# taz.de -- Euphorisierender Auftritt des DFB-Teams: Spaß, Leichtigkeit und Lebensfreude
       
       > Huch! Die DFB-Auswahl gewinnt in Frankreich 2:0. Mit dieser Demonstration
       > spielerischen Vermögens wird das Team zum EM-Favoriten.
       
 (IMG) Bild: Kaum zu glauben: Toni Kroos blickt in Lyon auf die Ergebnistafel
       
       Ein Spaziergang durch eines der schönsten Renaissance-Viertel Europas ist
       Pflicht für jeden, der nach Lyon kommt. Zudem pflegt die Metropole am
       Zusammenfluss von Rhône und Saône ihren Ruf, die gastronomische Hauptstadt
       Frankreichs zu sein. So gut etwa die Süßigkeit „[1][Coussine de Lyon]“
       schmeckt, hat Fußballfreunden das schwarz-rot-goldene Galamenü in
       Décines-Charpieu gemundet. Der 2:0-Erfolg bei Vizeweltmeister Frankreich
       hat Appetit auf die Heim-EM gemacht. Oder wie Sportdirektor Rudi Völler
       sagte: „Das Beste, was wir die vergangenen Jahre gespielt haben.“
       
       Die [2][Euphorie für ein identitätsstiftendes Fußballevent] in diesem
       Sommer zu entfachen, dozierte der in Ehren ergraute Volkstribun, „das kann
       gelingen“. Bundestrainer Julian Nagelsmann hat nach einer nicht
       unumstrittenen Radikalkur offenbar die richtigen Zutaten gefunden. Die
       Mischung aus Künstlern und Arbeitern, Routiniers und Talenten passte.

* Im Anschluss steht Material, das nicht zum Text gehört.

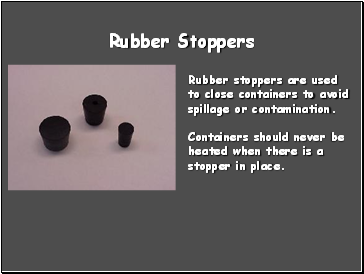 Rubber Stoppers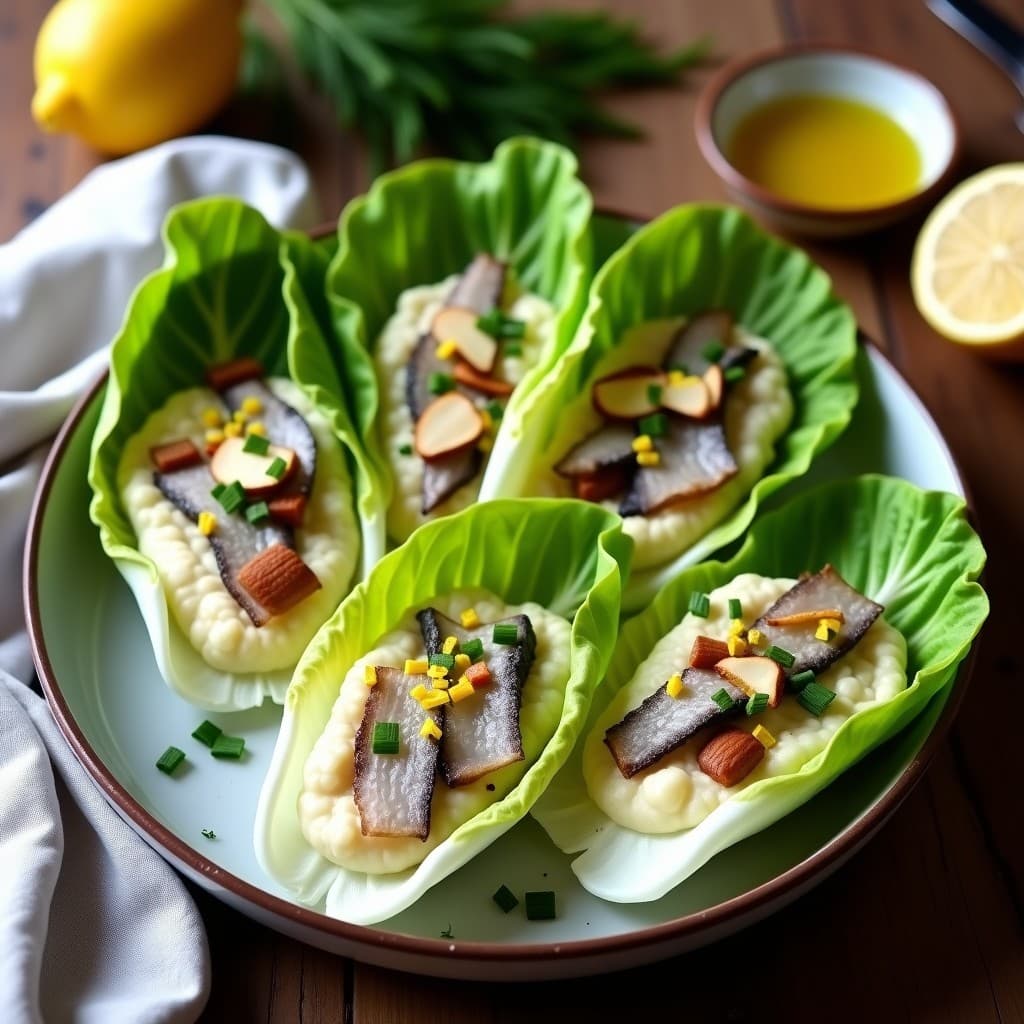Tacos de Herring Ahumado con Puré de Coliflor y Limón: Receta Escandinava Keto en 15 Minutos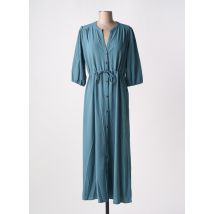 GRACE & MILA - Robe longue bleu en polyester - Femme - Taille 36 - Modz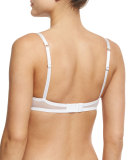 Chimere Lace Balconette Bra, White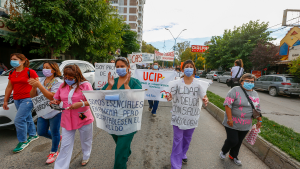 Trabajadores de la Salud apuntaron su reclamo a la gobernadora Carreras
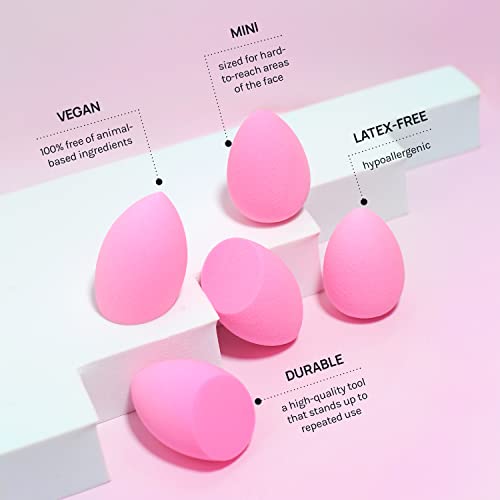 AOA Studio Collection Makeup Sponge Set Makeup Blender Latex Free and High-definition Set of 6 Makeup Blender For Powder Cream and Liquid, Super Soft Wonder Blender Beauty Cosmetic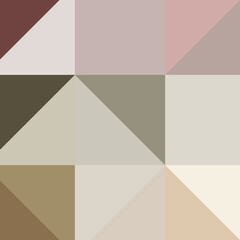 Abstract color Low-Polygones Generative Art background illustration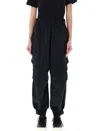 Y-3 Tch Seersucker Cargo Trousers In Black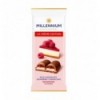 Шоколад Millennium La Creme Edition молочный с кремовой и малиновой начинкой 100г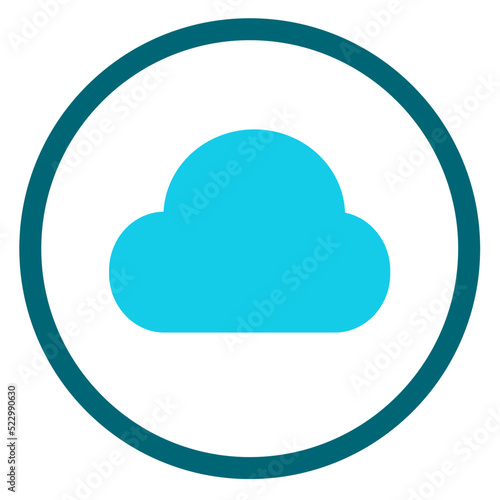 Cloud icon sign for web and app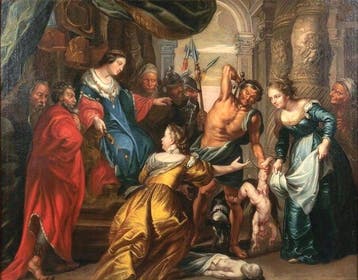Pieter Paul Rubens (1577-1640), Navolger van - Il Giudizio, Antiek en Kunst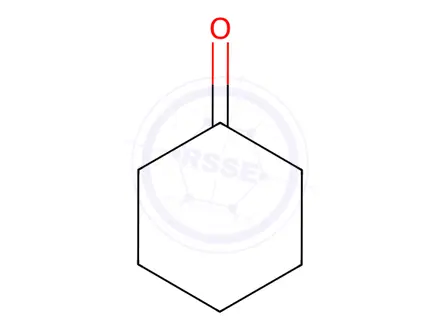 Chemical structure of Cyclohexanone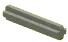 Connector: axle 3 studs long in Black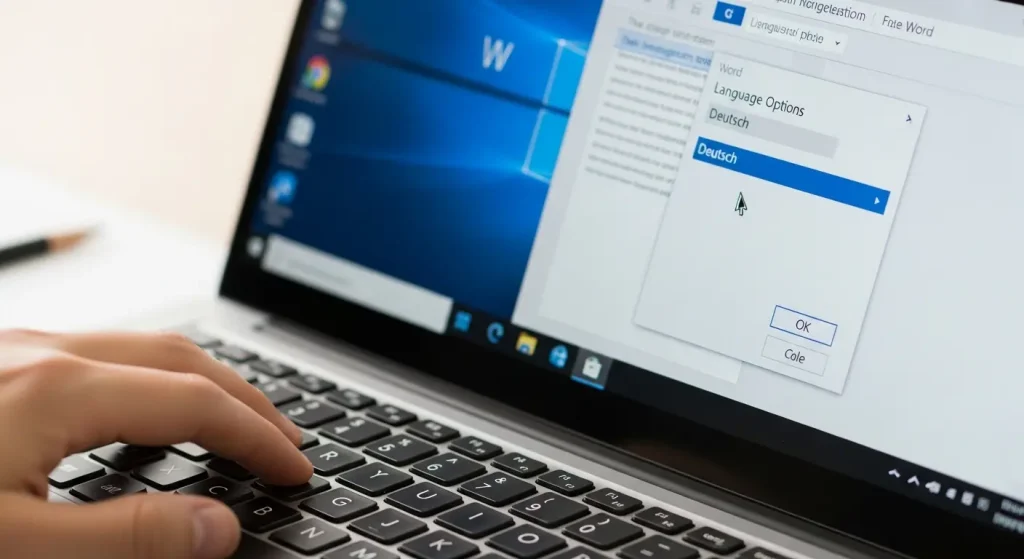 Microsoft Word német nyelvre állítása Windows 8.1-en: teljes rendszerátállítással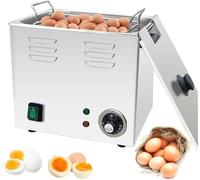 Commercial Egg Boiler,2600W Stainless Steel Egg Cooker With Mesh Basket,Automatic Hot Spring Egg Steamer,60pcs Large Capacity & 75°C Constant Temperature,for Commercial Use~/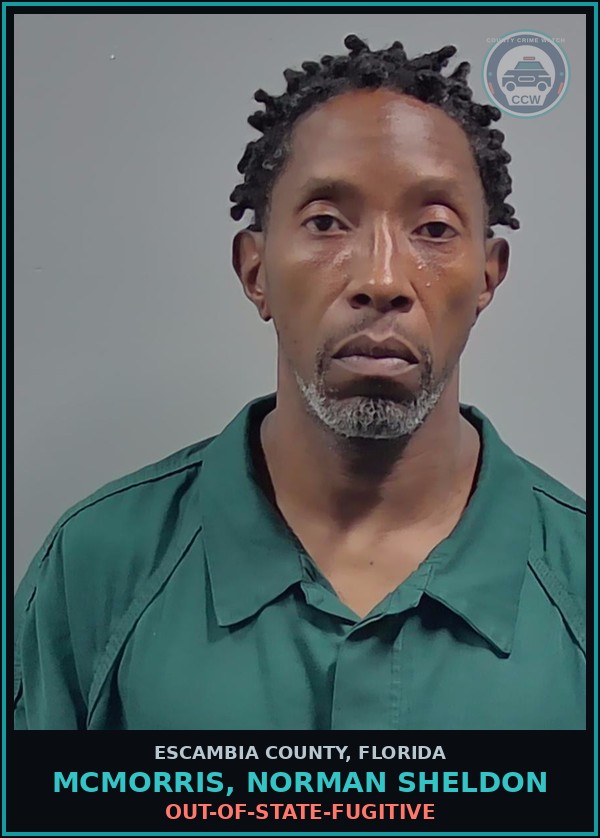 Booking mugshot of MCMORRIS, NORMAN SHELDON in Escambia County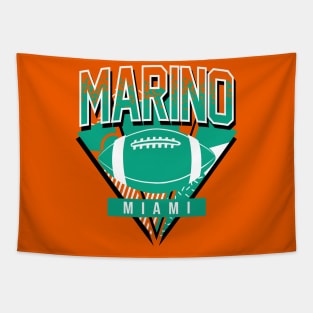 Marino Throwback Miami Football Tapestry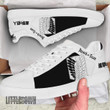 Scount Regiment Skate Sneakers Custom Black and White AOT Anime Shoes - LittleOwh - 2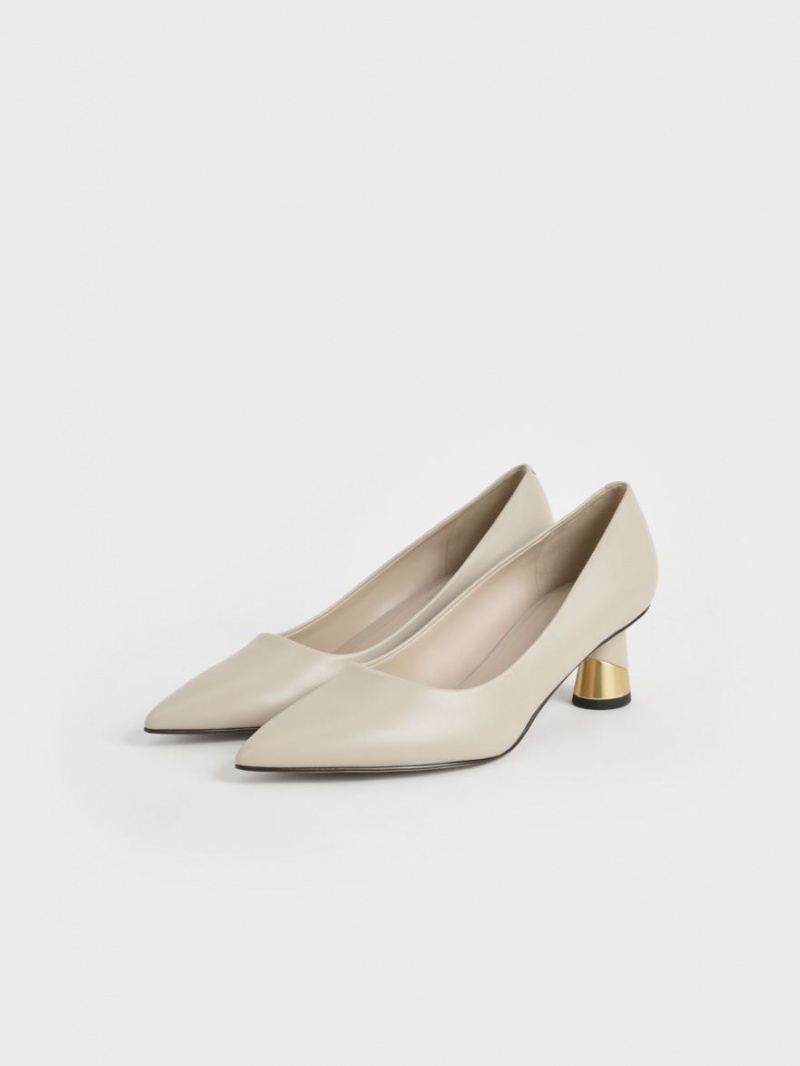 Pumps Charles & Keith Metallic Sculptural Heel Albi | 409VBKFYU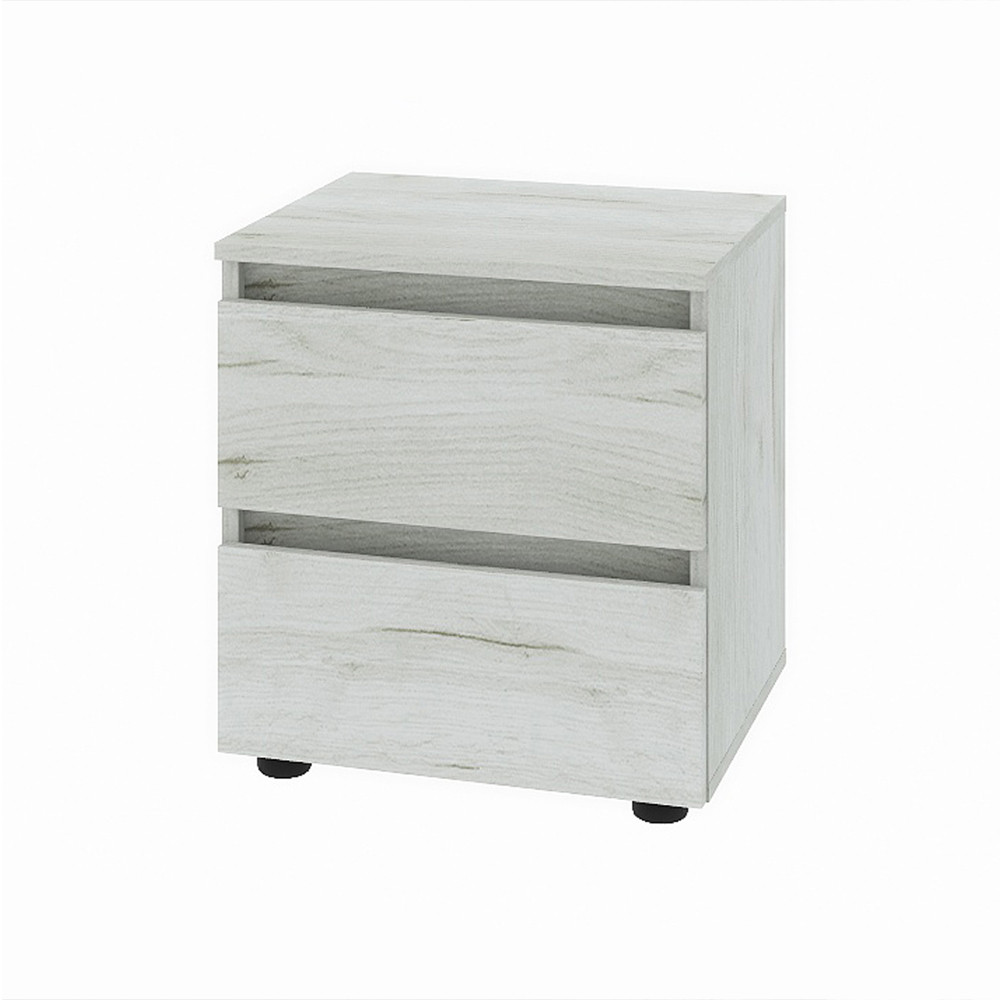 Тумба приліжкова Еверест ТЛ-1 Лайт 45х38х49 см Дуб Крафт білий (DTM-071083) Львів - фото 5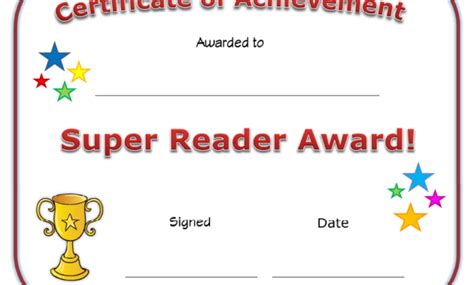 Best Accelerated Reader Certificate Template Free Sparklingstemware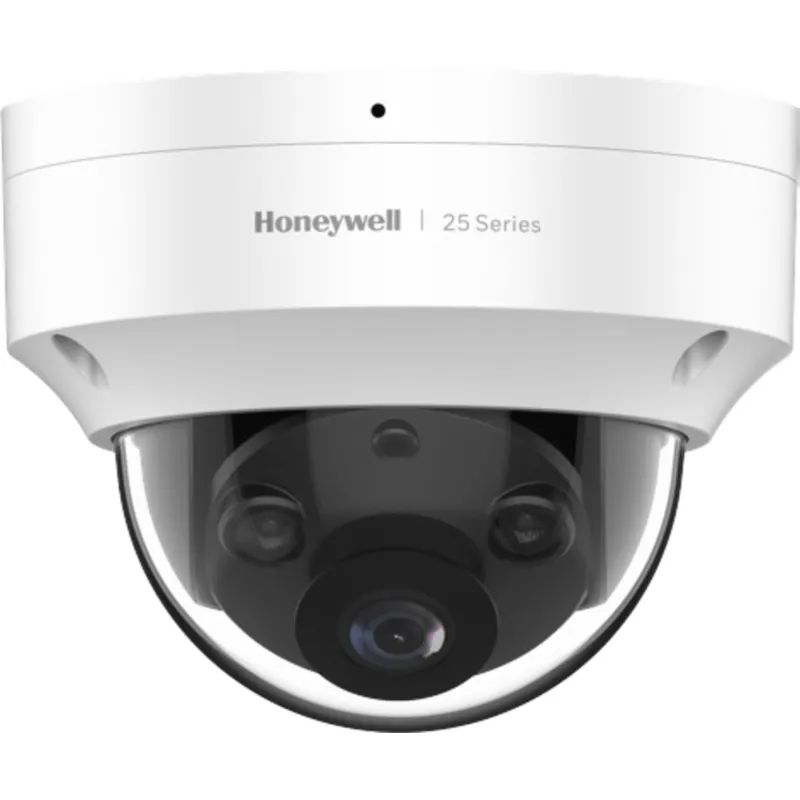 Domo IP 2 Megapixel / Lente 2.8 mm / Micrófono Integrado / SMD / Color 24/7 / Dual Light (30 mts IR + 15 mts Luz Blanca) / IP66 / IK10 / PoE / NDAA / Serie 25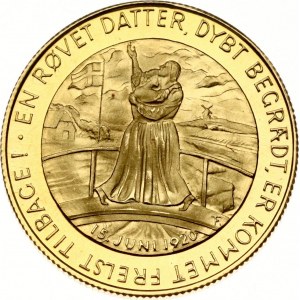 Denmark Token Ducat 1970 June 15 - 50th Anniversary of Reuinification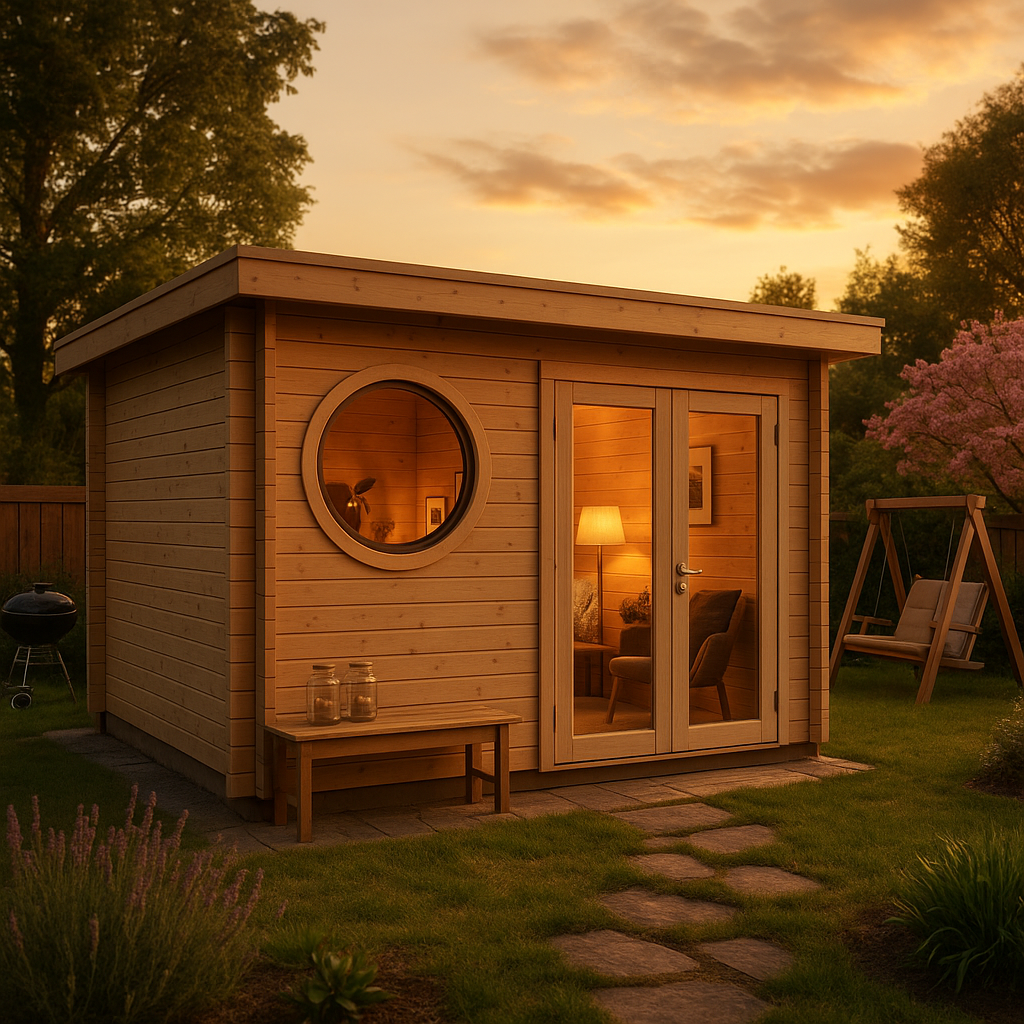 Fjordholz Gartenhaus Modell Lola 44 Fjordholz Gartenhaus Modell Lola 44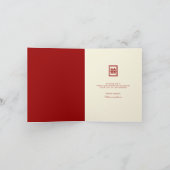 Het dubbele Chinese Huwelijk van het Geluk dankt u Bedankkaart (Binnen)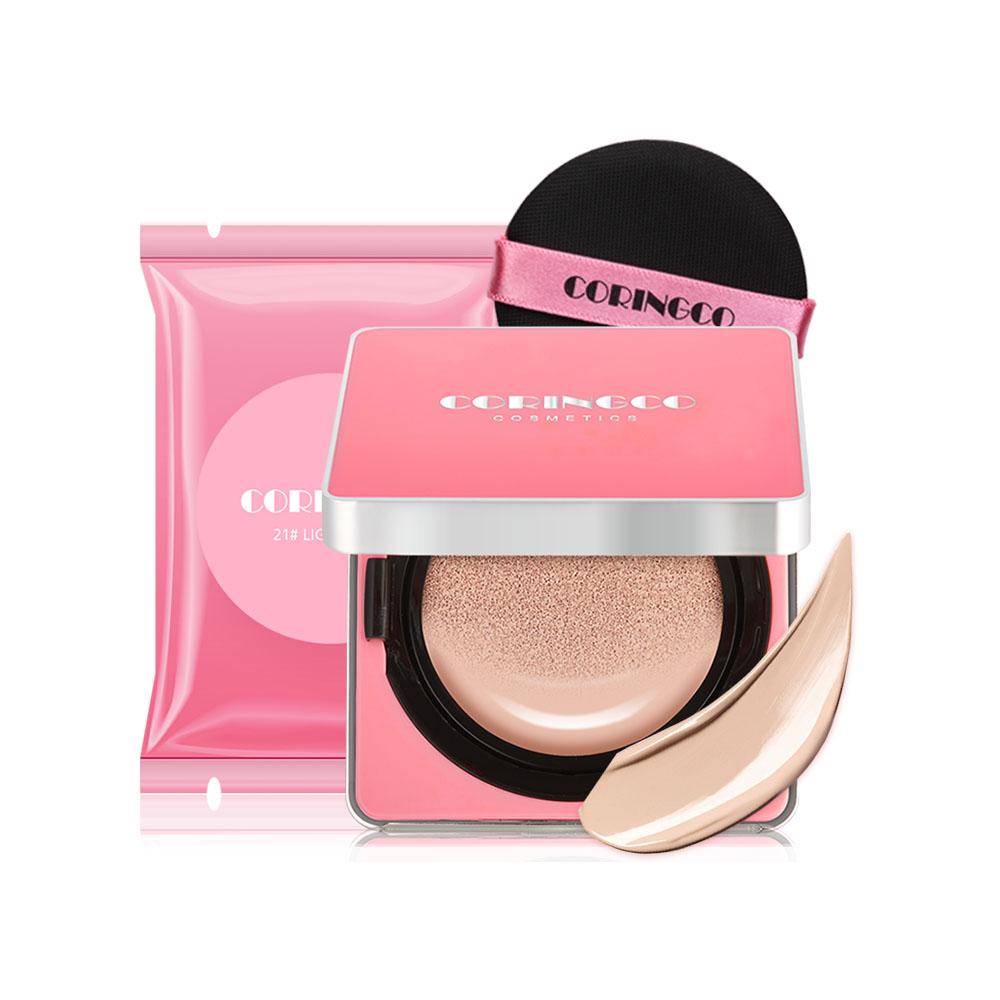 

[Купить1+Refill1] CORINGCO Cherry Blossom Water BB Cushion SPF50+ PA+++ 12 г + сменный блок 12 г (2color:№ 21, № 23)
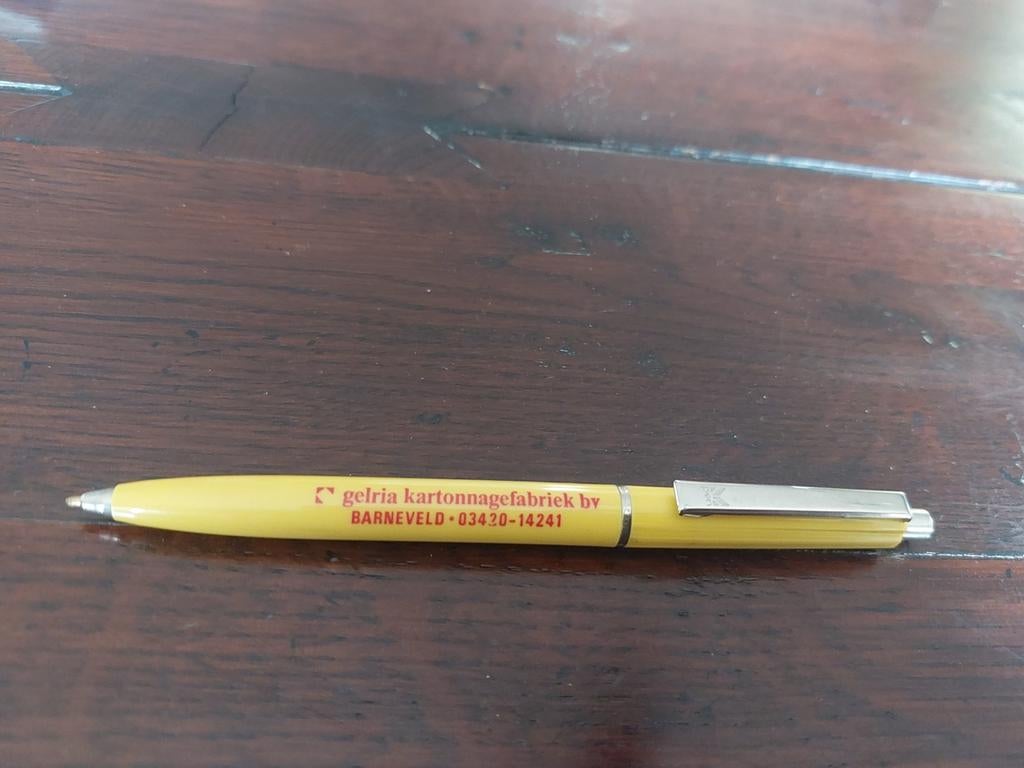 Gelria kartonnagefabriek b.v, Ophalen of Verzenden, Zo goed als nieuw, Balpen, Overige merken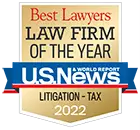 Best Law Firms - "Law Firm of the Year" 2022 Specialty Badge Footer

Mit
       Florian Wirtz erzielte das hoffnungsvollste Juwel fürs nächste Jahrzehnt
       nach acht Sekunden das schnellste Tor der deutschen Länderspielgeschichte.
       
       „Ich glaube, es hat keiner wirklich realisiert und nicht direkt verstanden,
       was da los war“, sagte der 20-jährige Kunstschütze und gestand: „Wir waren
       alle sehr überrascht.“ Allerdings handelte es sich um eine choreografierte
       Variante, die Standardtrainer Mads Buttgereit ausbaldowert hatte. Der Däne
       hätte ja auch vier Monate Zeit gehabt, scherzte Toni Kroos, „um sich was
       auszudenken“. Der Profi von Real Madrid führte auf Anhieb das Team an.
       
       ## Ausgehebelte Deckung
       
       Der 34-Jährige hatte mit seinem ersten Pass nach seiner Rückkehr die
       unsortierte Deckung der Franzosen ausgehebelt. Aber damit nicht genug: Die
       Rückkehr des Strategen ins deutsche Nationalteam übertraf alle Erwartungen
       – da verneigte sich sogar die Kulisse des geschlagenen Kontrahenten in
       Ehrfurcht. „Toni Kroos war unfassbar!“, schwärmte auch Bundestrainer Julian
       Nagelsmann. „Defensiv sehr stabil, offensiv der Ballverteiler.“
       
       Genau ein solches Scharnier hätte eigentlich nach dem Kroos-Rücktritt im
       Anschluss an die EM 2021 Joshua Kimmich werden sollen, der sich jedoch
       rückblickend an der Aufgabe im Nationaltrikot verhoben hat. Ergo ist der
       alte Taktgeber auch der neue, der überraschend gut mit Abräumer Robert
       Andrich harmonierte, der erkennbar von der Klasse seines Nebenmannes
       profitierte. Kroos blieb hernach ganz bei sich: Der 34-Jährige sprach
       hinterher bloß von einem „guten und wichtigen Schritt“.
       
       Der Bundestrainer wirkte zwar nicht überschwänglich, aber doch befreit. Am
       Vorabend hatte der 36-Jährige ausdrücklich betont, dass sich seine Spieler
       in Zeiten, in denen ein in einer freien Marktwirtschaft normaler
       Ausrüsterwechsel zum teils völlig sinnfreien Gefasel hochrangiger Politiker
       aller Lager führt, einfach vom Ballast befreien sollen. „Wir wollten
       Lebensfreude versprühen, das haben wir getan und einen sehr guten Mittelweg
       gefunden.“ Mit Ball Spaß und Leichtigkeit verströmen, gegen den Ball Kampf
       und Leidenschaft reinlegen.
       
       ## Bravouröser Allrounder
       
       [3][Der Leitsatz („Wir kicken!“)] schien vorne vor allem Wirtz und Jamal
       Musiala zum Zaubern zu animieren. Wie ein Wirtz-Traumpass den in die Tiefe
       startenden Musiala fand, um das 2:0 für Kai Havertz aufzulegen (49.), war
       Ausdruck einer auf diesem Niveau selten zu besichtigenden Spielfreude.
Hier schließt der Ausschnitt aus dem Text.